On the one hand, I understand why having Elon back a cause is hugely beneficial and the reasons he gives as to why he isn't supporting the efforts toward human longevity seem uncharacteristically flawed and quite easy to address. On the other hand, I am not sure that we should be chasing extreme longevity.
He mentions that people do not change the way they think and that it is, therefore, necessary for people to die to make space for new ideas. This approach is based on two assumptions that I do not believe can be successfully defended against scrutiny. Firstly, people are capable of change, this is evident throughout history. F.W. de Klerk should serve as an example of a politician who was radically able to change his stance. One might argue that he was acting in the interest of self-preservation throughout his tenure and that he then didn't really change, but I would disagree and say that the effects of him changing his stance are significant enough that it does not matter what his motivations were. Secondly, Elon's statement suggests that there is a limited amount of space for ideas in the world and that old ones need to die to allow for new ones. This also cannot be true, because revolution has never waited for whatever ideals or ideas were set in place to die out before changing the world. It is true that some ideas might imbed themselves and start building foundations in society and that they might suppress new, opposing ideas. But these sort of systematic ideas are passed on from generation to generation. The chain is not broken by death, but by revolution.

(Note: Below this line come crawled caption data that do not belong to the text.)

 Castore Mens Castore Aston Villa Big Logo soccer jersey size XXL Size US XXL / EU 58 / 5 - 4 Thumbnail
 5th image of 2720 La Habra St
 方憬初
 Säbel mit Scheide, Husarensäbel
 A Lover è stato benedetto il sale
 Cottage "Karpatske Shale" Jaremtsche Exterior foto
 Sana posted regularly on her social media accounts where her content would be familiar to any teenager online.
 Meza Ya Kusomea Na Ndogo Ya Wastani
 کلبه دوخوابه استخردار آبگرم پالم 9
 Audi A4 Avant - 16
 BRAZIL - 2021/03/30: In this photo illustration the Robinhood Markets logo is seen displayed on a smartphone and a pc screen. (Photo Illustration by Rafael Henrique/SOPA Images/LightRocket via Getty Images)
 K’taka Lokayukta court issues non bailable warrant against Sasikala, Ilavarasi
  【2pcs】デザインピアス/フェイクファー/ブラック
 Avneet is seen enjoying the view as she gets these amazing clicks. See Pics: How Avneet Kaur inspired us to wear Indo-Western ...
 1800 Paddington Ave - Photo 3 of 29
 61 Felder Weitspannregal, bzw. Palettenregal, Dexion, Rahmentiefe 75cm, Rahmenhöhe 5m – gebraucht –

Secondly, he talks about rulers being old and out of touch, but if the average age rises, older rulers would in fact become more, not less representative. But I do not believe this even forms part of the longevity problem. Old leaders form part of a political tradition that is self-serving and outdated. Prolonging the lifespan of humans in no way should correlate with the age of the leaders in a democratic world. If it did, that would mean that the only way we would not elect an old leader would be if there were no old people left. This is ridiculous, of course. The age of politicians show a flaw in our system, not that people are living too long.
That said, I am not convinced we should be aiming for allowing people to live 100s of years simply due to resource scarcity, overpopulation and our inability to govern groups as large as they are already. So, I think I agree with Elon that it's not something we should be spending energy and resources on, but I do not agree with his reasoning.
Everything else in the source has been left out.